The act recognised that London was expanding and provision was made to extend the act by Order in Council to any place within 12 mi of Charing Cross.

==Administration of the Office==
Authority to administer the act was given to the Lord Mayor and aldermen of the City of London and the justices of the peace for the counties of Middlesex, Surrey and Kent, the City and Liberty of Westminster and the Liberty of Her Majesty's Tower of London. The city corporation and the justices in quarter sessions were to divide their areas into districts, and to appoint district surveyors to superintend the act. The office's headquarters were established at 6 Adelphi Terrace.

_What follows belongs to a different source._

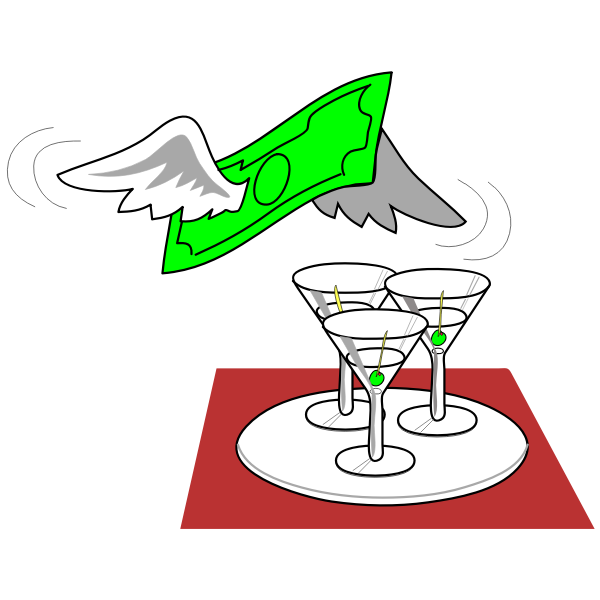 Three martinis image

The power of the district surveyors did not extend to certain buildings already under separate legislation. These were under "special supervision", being under the jurisdiction of specially appointed "official referees" who applied the provisions of the act. Buildings in this category included royal palaces, bridges, embankments, wharves, gaols and prisons, the Mansion House, the Guildhall, the Royal Exchange, the British Museum and Covent Garden Market.

In addition the buildings of dock and railway companies were completely exempt from the Building Act.

==Controls and regulation==
The creation of the Office introduced a number of changes from 1 January 1845, including:
- Builders were required to give the district surveyor two days' notice if they were to construct a new building or alter an existing one.
- Regulations were to be enforced regarding the thickness of walls, height of rooms, the materials used in repairs, the dividing of existing buildings and the placing and design of chimneys, fireplaces and drains.
- All newly constructed houses were to have back yards of a minimum size.
- Streets were to be at least 40 ft wide, or the width to be the same as the highest building in the street, whichever was the greatest.
- Any alley or mews was to be at least 20 ft wide, or the width to be the same as the highest building in the alley, whichever was the greatest.
- Every alley was to have two entrances, one of which was to be open from the ground upwards.

==Abolition==
By the Metropolis Management Act 1855 (18 & 19 Vict. c. 122) the powers of the Metropolitan Buildings Office passed to the newly created Metropolitan Board of Works.

The rest of the 1844 act was repealed by section 215 of, and the fourth schedule to, the London County Council (General Powers) Act 1894 (57 & 58 Vict. c. ccxii).